In the middle of the strangeness that is the pandemic, a little touch of normalcy: The Reuters Digital News Report 2020 is out this morning, and available for download. Of course, some things are different. A year ago, I was on my way to London for a panel discussion on it at Edelman’s offices. Today, I’ll be Zooming into a webinar, instead.
And, I must confess, this will not be quite my normal deep dive into it. While they were kind enough to provide me with an advance copy, homeschooling has deeply eaten into my available time, so my analysis is likely to be spread over a number of days. And there’s much to explore. For example, the shift in consumption patterns and collapse in revenue around the pandemic are both fascinating, and important. I do want to dive into them. And I will certainly return to the issues around subscriptions.
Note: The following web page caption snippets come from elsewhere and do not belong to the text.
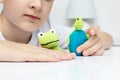 A caucasian boy playing different roles by using finger puppets, toys for expressing his emotions, agression, fear and freandship Royalty Free Stock Photo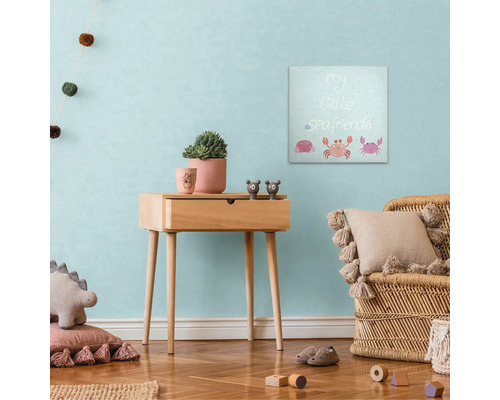 Barnrumsinredning med canvastavla, sidobord och rottingfåtölj.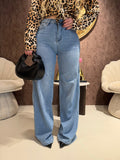 Jeans con tasca glitter maculata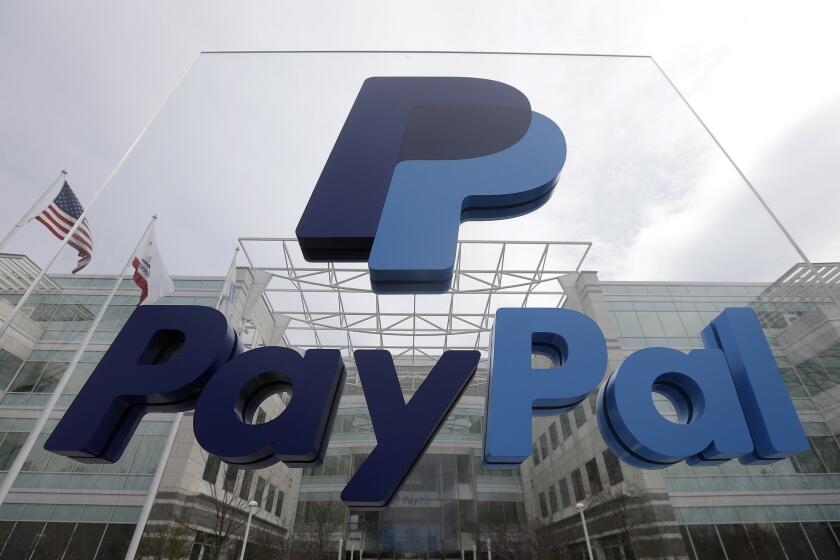 This March 10, 2015 photo shows signage outside PayPal's headquarters in San Jose, Calif. When eBay and PayPal split up on Friday, July 17, 2015, they'll face different challenges than they did as a combined company. (AP Photo/Jeff Chiu)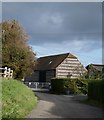 Flint-built barn at Iford Farm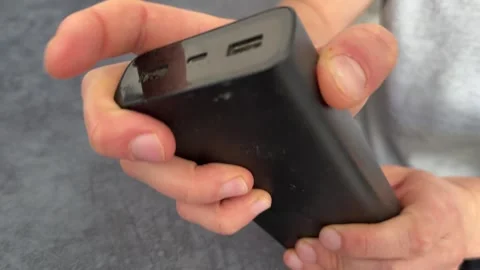 Hand trying to power on discharged power bank close up, empty external battery Stock Footage 337120995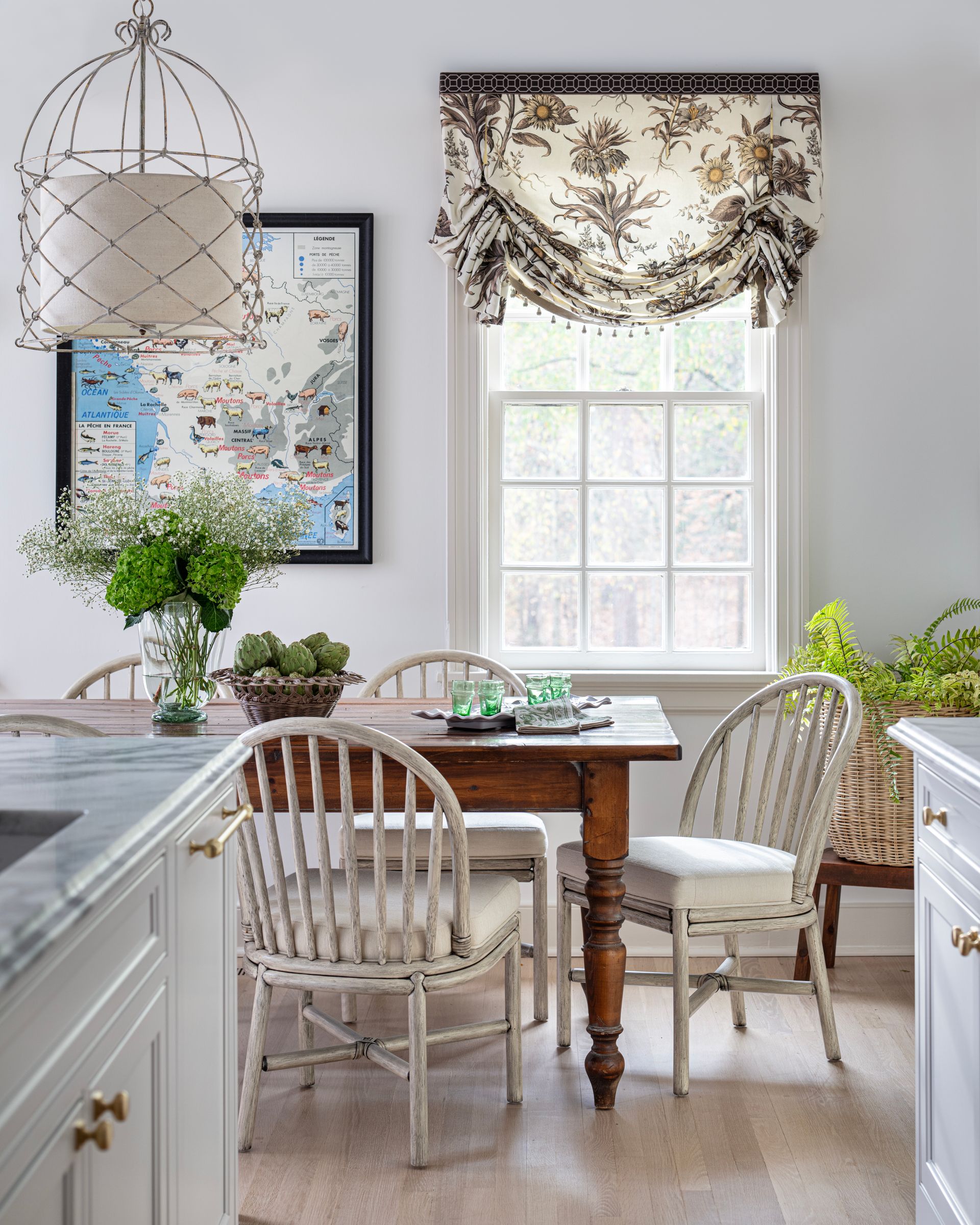 Dining room with wooden table, chairs, floral window treatment, and a hanging light fixture.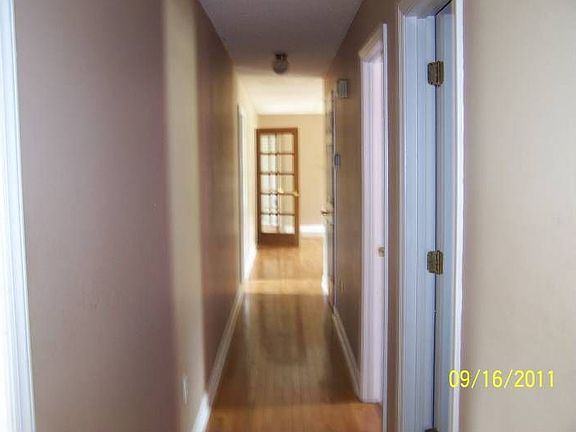 Hallway with hardwd floor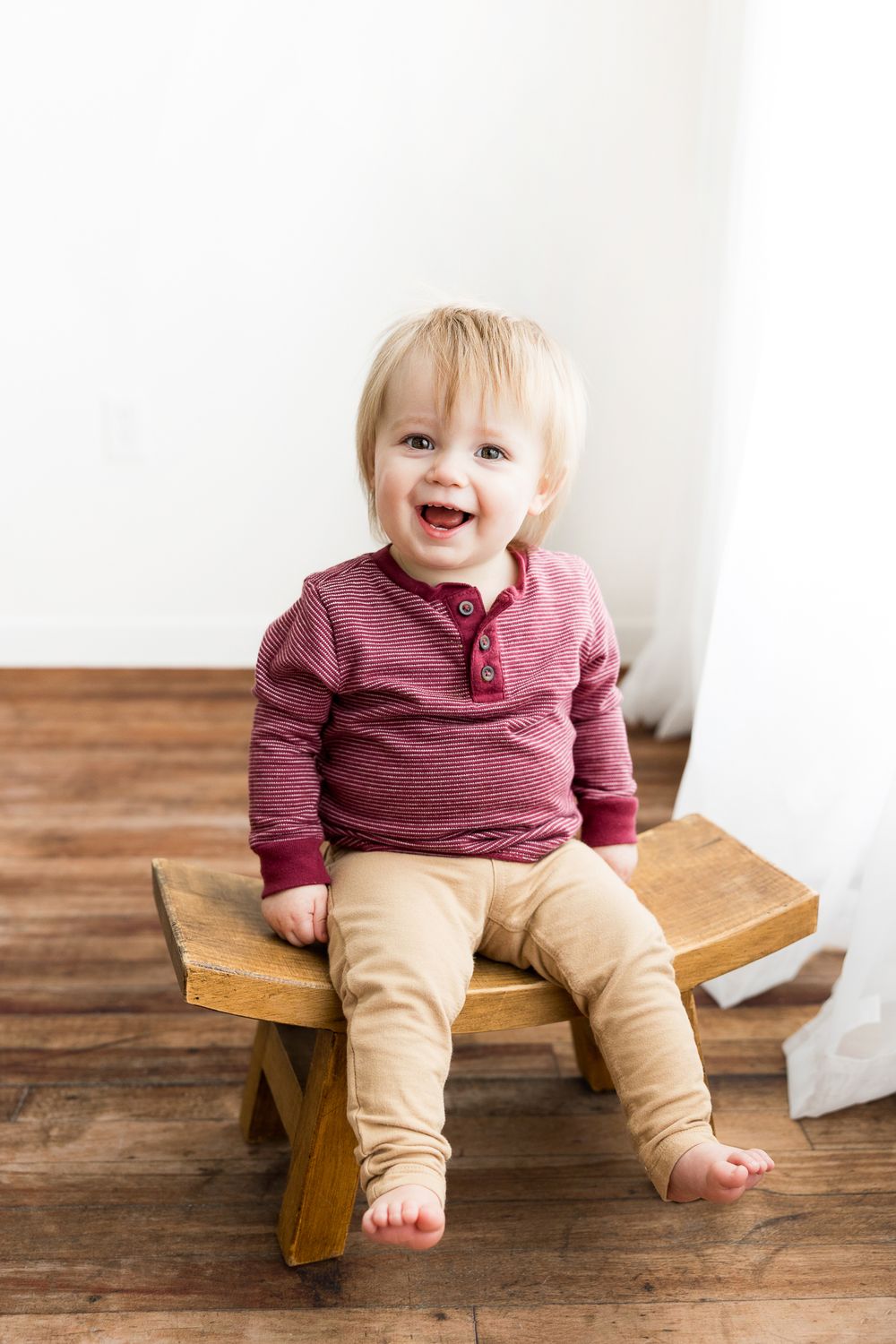 A toddler in a burgundy shirt and khaki pants sits smiling on a wooden bench against a white wall.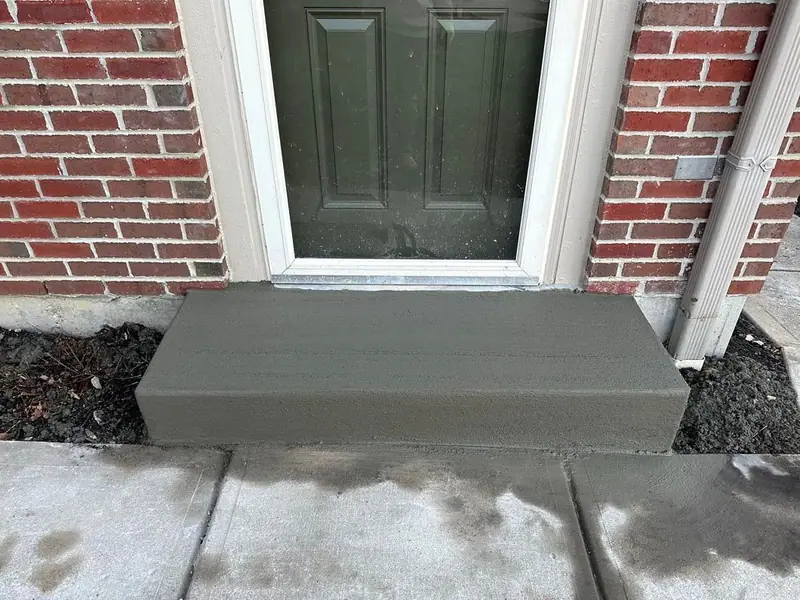 New concrete step at a brick home entry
However, I suspect everyone else, will to. I've been listening to the webinar discussion while finishing this, and that has certainly been the focus so far. I'd like to go a different direction. There is one thread that leapt out at me, and one I want to take a little time to dive into now.
The News Metamorphosis
More than anything else, I take away from it an overwhelming sense that the industry is in mid-metamorphosis, one that is likely to be accelerated by the Covid-19 crisis, but is less aware of that than it should be. In particular, it remains focused on the idea of packages - particularly print newspapers - while not really facing up to the fact that the vast majority of people do not consume their news that way.
Instead, most people are accessing their news through feeds. When people encounter atomised content that way, floating free of its context on the web, they react to it in isolation, rather than as part of a package of reporting — or opinion. As the most controversial and, in some cases, most egregious, examples spread more readily on social media, that reshapes the perception of a whole industry.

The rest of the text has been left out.